Reply from Ron Prichard,
Unfortunately, (or perhaps, fortunately); I stay way too busy to even attempt to keep up with GCA. There were several responses to Tim Liddy which were correct. Anyone involved with the design of over 400 courses, would of course display some repetition of characteristics in his green's design, (and although this might fly over the heads of some people), that would include the putting surfaces. In the efforts I have made to carefully study the great old golf courses, (which includes many built here in America prior to World War II), I have not found any work which compares to that of Donald Ross, (although we must remember there was an even greater architect who created much of what we see at St. Andrews and a few other old links). I don't believe I've ever seen a close duplication of any golf hole, or any "Green", on a Ross course.
I leave it to others to judge then where he fits in the ranks of Master Architects; and I have the deepest admiration for MacDonald, Raynor, and who would not recognize the skill of Tillinghast, (if he visited Winged Foot).

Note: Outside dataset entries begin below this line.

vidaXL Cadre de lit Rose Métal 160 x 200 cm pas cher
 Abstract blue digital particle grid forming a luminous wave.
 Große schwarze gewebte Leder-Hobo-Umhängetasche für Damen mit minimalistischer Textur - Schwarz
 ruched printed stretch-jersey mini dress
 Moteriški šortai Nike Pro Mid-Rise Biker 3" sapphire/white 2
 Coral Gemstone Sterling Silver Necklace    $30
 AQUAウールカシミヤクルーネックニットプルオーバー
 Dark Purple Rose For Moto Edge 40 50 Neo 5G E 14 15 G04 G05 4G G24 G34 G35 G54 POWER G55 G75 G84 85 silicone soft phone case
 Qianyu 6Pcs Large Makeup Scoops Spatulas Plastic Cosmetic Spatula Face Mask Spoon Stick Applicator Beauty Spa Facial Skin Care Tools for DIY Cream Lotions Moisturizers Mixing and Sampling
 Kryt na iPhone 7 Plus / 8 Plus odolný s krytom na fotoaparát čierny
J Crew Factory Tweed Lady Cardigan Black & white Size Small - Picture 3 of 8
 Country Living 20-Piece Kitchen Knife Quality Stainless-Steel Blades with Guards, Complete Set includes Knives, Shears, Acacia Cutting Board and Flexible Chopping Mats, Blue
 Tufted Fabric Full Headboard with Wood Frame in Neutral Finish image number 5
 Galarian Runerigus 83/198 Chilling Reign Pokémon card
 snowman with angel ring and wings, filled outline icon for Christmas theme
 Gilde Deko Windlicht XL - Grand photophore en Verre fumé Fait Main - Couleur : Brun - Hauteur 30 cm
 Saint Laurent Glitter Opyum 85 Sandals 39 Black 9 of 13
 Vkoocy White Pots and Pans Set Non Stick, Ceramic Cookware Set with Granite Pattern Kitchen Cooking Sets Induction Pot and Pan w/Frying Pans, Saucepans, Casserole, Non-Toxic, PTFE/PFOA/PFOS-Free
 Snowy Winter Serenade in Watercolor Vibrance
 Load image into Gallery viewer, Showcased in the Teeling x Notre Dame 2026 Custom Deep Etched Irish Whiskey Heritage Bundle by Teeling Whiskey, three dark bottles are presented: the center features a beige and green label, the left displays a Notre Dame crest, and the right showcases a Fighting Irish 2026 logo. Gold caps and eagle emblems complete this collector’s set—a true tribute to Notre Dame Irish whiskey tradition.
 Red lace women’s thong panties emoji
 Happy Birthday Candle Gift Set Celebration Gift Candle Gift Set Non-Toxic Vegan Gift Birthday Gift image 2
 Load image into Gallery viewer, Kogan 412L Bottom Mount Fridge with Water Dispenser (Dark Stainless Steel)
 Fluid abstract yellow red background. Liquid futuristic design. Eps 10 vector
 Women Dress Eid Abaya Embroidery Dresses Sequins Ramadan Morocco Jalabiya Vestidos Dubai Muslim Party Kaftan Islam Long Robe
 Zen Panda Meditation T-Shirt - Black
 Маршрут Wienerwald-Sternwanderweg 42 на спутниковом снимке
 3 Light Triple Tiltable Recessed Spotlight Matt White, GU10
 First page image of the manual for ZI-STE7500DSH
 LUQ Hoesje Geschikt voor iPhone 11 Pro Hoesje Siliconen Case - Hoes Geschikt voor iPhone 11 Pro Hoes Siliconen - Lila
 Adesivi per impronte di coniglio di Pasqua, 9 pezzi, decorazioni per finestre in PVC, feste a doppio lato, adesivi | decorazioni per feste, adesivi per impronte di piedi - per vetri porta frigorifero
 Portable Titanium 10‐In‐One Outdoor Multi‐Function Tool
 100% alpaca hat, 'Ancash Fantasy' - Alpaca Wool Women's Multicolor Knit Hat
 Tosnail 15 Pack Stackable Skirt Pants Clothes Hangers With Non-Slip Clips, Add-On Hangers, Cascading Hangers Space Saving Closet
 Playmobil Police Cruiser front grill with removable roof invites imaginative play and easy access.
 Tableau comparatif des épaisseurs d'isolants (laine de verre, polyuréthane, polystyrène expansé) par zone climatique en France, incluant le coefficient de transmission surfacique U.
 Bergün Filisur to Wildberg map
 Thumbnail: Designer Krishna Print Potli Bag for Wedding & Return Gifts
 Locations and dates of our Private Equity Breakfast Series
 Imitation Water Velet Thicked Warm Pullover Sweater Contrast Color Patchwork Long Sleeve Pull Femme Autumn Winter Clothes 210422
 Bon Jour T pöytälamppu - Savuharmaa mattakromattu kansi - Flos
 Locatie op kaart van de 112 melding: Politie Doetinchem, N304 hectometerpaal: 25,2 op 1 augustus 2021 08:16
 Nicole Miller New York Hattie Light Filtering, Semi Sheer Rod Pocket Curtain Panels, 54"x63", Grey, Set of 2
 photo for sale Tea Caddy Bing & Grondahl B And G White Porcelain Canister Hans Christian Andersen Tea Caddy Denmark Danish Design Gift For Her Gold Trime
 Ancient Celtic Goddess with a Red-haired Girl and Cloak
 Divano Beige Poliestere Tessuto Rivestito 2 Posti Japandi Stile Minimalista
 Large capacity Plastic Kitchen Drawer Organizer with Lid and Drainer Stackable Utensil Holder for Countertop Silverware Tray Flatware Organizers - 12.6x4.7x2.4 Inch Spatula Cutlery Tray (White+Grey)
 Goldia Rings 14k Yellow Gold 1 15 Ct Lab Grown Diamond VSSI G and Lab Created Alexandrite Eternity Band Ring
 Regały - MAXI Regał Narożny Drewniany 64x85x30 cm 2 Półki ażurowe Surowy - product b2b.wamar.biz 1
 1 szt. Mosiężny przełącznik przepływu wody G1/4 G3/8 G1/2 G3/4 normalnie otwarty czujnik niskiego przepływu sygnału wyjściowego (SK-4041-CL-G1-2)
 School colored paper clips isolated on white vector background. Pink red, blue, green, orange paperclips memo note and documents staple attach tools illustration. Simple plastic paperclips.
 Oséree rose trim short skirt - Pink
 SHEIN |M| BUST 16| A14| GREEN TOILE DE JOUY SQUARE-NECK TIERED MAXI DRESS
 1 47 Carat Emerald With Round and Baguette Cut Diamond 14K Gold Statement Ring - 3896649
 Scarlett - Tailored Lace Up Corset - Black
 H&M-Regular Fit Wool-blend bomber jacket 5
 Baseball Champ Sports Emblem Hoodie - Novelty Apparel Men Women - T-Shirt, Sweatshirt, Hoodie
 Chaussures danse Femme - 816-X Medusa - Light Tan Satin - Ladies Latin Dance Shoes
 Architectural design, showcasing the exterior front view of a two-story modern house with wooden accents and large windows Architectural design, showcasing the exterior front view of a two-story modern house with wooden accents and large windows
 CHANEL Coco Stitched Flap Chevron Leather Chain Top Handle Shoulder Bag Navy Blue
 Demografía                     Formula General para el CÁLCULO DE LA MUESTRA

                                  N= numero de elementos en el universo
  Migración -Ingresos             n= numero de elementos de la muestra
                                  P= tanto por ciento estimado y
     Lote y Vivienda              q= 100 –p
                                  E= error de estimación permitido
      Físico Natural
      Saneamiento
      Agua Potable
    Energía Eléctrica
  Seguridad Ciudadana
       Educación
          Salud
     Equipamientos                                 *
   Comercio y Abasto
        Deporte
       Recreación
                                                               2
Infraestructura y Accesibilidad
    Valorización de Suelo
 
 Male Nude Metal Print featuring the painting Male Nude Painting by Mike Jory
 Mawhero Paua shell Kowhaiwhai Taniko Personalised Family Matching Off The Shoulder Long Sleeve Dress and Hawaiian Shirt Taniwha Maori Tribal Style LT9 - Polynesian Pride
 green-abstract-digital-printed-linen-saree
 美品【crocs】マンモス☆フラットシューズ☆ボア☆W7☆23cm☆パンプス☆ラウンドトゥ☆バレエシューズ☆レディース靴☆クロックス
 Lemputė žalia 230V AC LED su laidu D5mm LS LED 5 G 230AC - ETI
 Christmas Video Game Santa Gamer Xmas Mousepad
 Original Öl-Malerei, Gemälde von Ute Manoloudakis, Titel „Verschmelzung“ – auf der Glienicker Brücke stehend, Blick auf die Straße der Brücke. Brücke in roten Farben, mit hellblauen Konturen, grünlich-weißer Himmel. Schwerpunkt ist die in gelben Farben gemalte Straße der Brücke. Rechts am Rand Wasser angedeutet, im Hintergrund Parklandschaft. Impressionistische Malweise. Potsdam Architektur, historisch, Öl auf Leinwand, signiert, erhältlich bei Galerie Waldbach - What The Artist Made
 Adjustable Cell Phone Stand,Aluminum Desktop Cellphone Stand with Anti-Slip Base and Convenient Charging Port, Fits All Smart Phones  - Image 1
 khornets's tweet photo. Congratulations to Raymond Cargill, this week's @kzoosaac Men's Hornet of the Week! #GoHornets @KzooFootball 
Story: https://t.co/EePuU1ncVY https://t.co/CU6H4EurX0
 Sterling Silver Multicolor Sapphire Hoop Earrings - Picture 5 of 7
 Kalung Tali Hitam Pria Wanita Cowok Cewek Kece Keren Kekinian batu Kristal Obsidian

Mike, There is a great quotation from a book written by Humphrey Repton, "Landscape Architecture", written in 1797 which should be memorized by ever wannabe, or active, golf architect:
".....True taste, in every art, consists more in adapting tried expedients to peculiar circumstance than in that inordinant thirst for novelty, the characteristic of uncul-tivated minds, which from the facility of inventing wild theories, without experience, are apt to suppose that taste is displayed by novelty, genius by innovation, and that every change must necessarily tend to improvement."